The film’s fictional counterpart, then, is the unpromisingly titled “Pissing in the North Wind,” a belated debut feature for middle-aged Flemish artist Gabriel (an amusing Johan Heldenbergh) that resembles a po-faced parody of the social realism perfected by his compatriots the Dardenne brothers. A character study of a pregnant teen and her peers, it’s light on script, depending heavily on what its amateur stars can bring to the table. “The Worst Ones’” own title refers to the locals’ bewilderment at the casting process when the production rolls into their suburban housing project: They could pick anyone, and they chose those kids?
Neighbors may not see the scrappy talent in Lily (Mallory Manecque), Ryan (Timéo Mahault), Jessy (Loïc Pech) and Maylis (Melina Vanderplancke), but that’s their loss. Handed the tricky dual assignment of playing their characters both in actor mode and as “themselves” when the cameras are off, they’re a remarkable collective, seemingly cast to personality type but with canny performance instincts of their own.

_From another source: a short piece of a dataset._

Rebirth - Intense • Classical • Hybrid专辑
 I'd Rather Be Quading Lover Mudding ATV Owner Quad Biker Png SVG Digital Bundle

The problems come when Gabriel either doesn’t trust those instincts enough, or counts too much on their naïveté. Discomfiting scenes of him goading the naturally short-fused pre-teen Ryan to lose his cool for a fight scene, or inappropriately coaching a love scene between Lily and Jessy — with no intimacy coordinator on set — encourage viewers to wonder just how much insensitive engineering goes into the “natural” performances we marvel at on screen. One assumes Akoka and Gueret handle their vulnerable non-pro actors with rather more delicacy and care, but “The Worst Ones,” with dark humor and occasionally confrontational candor, still gives us room to query the industry conventions in which it is complicit.
To what extent the actors are playing themselves is for them to determine: Certainly, Gabriel’s screenplay appears to hinge on certain bleak classist stereotypes to which they may not entirely relate. Those skeptical locals, furthermore, voice their resentment of outside observers like Gabriel for presenting their lives in an unflattering light, for the sake of art. It’s not all teenage pregnancies and social decay in Boulogne-sur-Mer — would it kill the filmmakers to seek out the community’s points of pride? Conscientious and self-effacing, “The Worst Ones” doesn’t entirely absolve itself of similar charges, though it does find artistry and honor where others tend not to look.